Deployment Guide¶

PROTEA supports five deployment modes. Choose the mode that matches your infrastructure; all modes run the same service set (postgres, rabbitmq, api, workers, frontend) with the same environment variables.

Deployment modes at a glance ¶

Mode	When to use	Entry point
docker-compose dev	Local development, single host	`bash scripts/deploy.sh` (see Mode 1: docker-compose dev stack)
docker-compose bundle	Smoke-test from pre-built images, laptop or CI	`docker compose -f docker-compose.bundle.yml up` (see Mode 2: docker-compose bundle (T-OPS.2))
Docker Swarm	Multi-node production cluster, no Kubernetes (T-OPS.4)	`docker stack deploy -c deploy/swarm/stack.yml protea` (see Mode 3: Docker Swarm stack (T-OPS.4))
Helm / Kubernetes	Kubernetes cluster (T-OPS.3, CI pending)	`helm install protea deploy/helm/protea/` (see Mode 4: Helm chart on Kubernetes (T-OPS.3))
SLURM	HPC cluster, Slurm workload manager (T-OPS.5, in flight)	`deploy/slurm/` templates (see Mode 5: SLURM templates (T-OPS.5, in flight))

Telemetry variables apply across all modes; see Observability: OpenTelemetry SDK for the PROTEA_OTEL_* variable reference.

Prerequisites (all modes)¶

Docker 24+ installed on every node that runs containers.
Python 3.11+ and Poetry (dev mode only).
Access to ghcr.io/frapercan/protea (bundle, Swarm, Helm modes pull pre-built images; dev mode builds locally).
A valid .env or environment override for non-default secrets (see per-mode sections below).

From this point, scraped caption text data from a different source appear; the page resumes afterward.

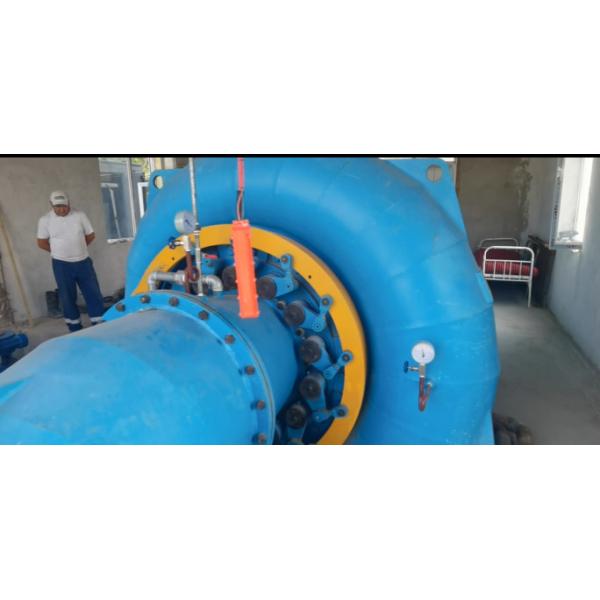 Turbine à eau à excitation statique au silicium avec méthode de refroidissement par air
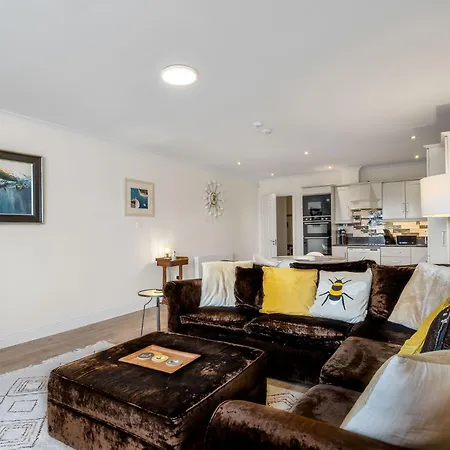 بيت للعطل 419 Stunning Sea View كليفدين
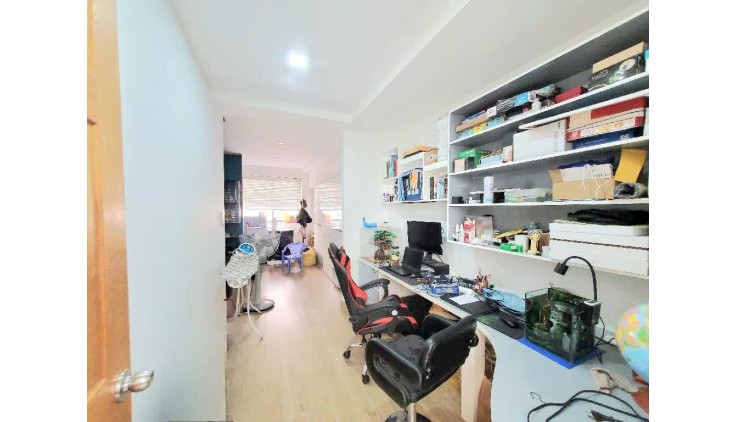NHÀ PHỐ khu VIP ĐẶNG THÙY TRÂM, BÌNH THẠNH - NGANG 6M - 5 TẦNG - GIÁ TỐT BÁN GẤP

Mode 1: docker-compose dev stack ¶

The canonical local development workflow. Images are built from the local source tree; a dedicated deploy slot is kept at ~/Thesis2/worktrees/protea-deploy so the developer’s working tree can move freely without disturbing a running stack.

Setup (once)

Create the deploy slot if it does not exist:

git worktree add ~/Thesis2/worktrees/protea-deploy \
  -b feat/deploy-tooling origin/develop

Deploy

# Update the slot to origin/develop, build frontend, start stack.
bash scripts/deploy.sh

# Deploy a specific branch or SHA.
bash scripts/deploy.sh my-feature-branch

# Skip the frontend build (faster for back-end iteration).
bash scripts/deploy.sh --no-build

# Deploy from a local folder snapshot (skips git).
bash scripts/deploy.sh --from /path/to/snapshot

Status and stop

bash scripts/deploy.sh --status
bash scripts/deploy.sh --stop

--status prints the active branch/SHA, API health, and frontend health. The API is available at http://localhost:8000; the frontend at http://localhost:3000.

GPU detection

deploy.sh auto-detects the presence of NVIDIA drivers via nvidia-smi. When a GPU is available, it swaps the PyTorch wheel to the cu128 build post-install. Override with PROTEA_DEPLOY_GPU=1|0|auto (default auto). Older CUDA wheels are still reachable via CUDA_VARIANT=cu121 (or cu118) when invoking scripts/install_gpu_torch.sh directly.

Key environment variables (override via shell or .env in the deploy slot):

Variable	Purpose
`PROTEA_DEPLOY_PATH`	Target worktree path (default `~/Thesis2/worktrees/protea-deploy`).
`PROTEA_DEPLOY_REF`	Default git ref when none is passed as argument (default `origin/develop`).
`PROTEA_DEPLOY_GPU`	GPU wheel selection: `auto` (default), `1`, or `0`.
`PROTEA_PUBLIC_API_URL`	`NEXT_PUBLIC_API_URL` injected into `apps/web/.env.local` if the file is absent (default `/api-proxy`).

For telemetry configuration in this mode see Observability: OpenTelemetry SDK.

Mode 2: docker-compose bundle (T-OPS.2)¶

A single, self-contained compose file that pulls pre-built images from ghcr.io without requiring a local build context or any plugin repository to be cloned. Designed for smoke-testing the production service wiring on a laptop or in a CI job.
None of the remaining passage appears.